* Data entries:
· · · · ·
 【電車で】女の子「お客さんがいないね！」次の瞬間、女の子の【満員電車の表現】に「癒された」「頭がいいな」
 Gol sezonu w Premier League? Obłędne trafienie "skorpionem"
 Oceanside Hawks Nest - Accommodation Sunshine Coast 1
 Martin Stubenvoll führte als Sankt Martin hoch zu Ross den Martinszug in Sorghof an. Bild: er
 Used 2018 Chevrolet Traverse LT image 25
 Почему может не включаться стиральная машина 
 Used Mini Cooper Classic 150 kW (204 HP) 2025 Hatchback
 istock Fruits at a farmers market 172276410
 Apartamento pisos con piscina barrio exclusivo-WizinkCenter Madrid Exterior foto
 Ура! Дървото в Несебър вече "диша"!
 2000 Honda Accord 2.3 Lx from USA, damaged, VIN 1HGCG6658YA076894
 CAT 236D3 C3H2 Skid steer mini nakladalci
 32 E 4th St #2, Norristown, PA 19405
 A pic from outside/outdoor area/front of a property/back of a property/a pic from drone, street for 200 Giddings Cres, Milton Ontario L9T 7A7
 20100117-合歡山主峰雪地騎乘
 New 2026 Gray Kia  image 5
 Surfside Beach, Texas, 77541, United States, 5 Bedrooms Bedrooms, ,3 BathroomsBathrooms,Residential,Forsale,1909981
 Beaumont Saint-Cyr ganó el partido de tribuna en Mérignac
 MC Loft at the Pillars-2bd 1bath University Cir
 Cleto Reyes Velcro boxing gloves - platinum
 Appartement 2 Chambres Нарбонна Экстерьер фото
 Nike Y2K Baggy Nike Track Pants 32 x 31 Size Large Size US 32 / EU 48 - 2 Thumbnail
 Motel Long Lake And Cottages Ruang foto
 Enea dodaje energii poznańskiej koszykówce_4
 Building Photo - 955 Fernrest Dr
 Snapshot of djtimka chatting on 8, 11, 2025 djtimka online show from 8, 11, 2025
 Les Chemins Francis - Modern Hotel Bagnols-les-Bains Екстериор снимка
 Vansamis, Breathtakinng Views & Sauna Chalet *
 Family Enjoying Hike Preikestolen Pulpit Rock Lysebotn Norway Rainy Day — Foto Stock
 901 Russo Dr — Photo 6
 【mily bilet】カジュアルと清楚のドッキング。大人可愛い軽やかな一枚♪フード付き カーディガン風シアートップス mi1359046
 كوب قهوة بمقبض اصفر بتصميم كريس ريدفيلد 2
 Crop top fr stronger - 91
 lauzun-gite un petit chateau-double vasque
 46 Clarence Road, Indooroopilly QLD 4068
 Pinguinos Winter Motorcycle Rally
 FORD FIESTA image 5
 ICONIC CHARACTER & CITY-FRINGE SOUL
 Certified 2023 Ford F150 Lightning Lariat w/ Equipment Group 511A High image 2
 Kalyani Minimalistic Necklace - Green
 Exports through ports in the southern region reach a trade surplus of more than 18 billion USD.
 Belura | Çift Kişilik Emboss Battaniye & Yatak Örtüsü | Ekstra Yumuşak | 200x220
· · · · ·
* Work instruction:
Check each line of the records above, and copy those that hold the word "Photo".

* Finished exercise:
 Building Photo - 955 Fernrest Dr
 901 Russo Dr — Photo 6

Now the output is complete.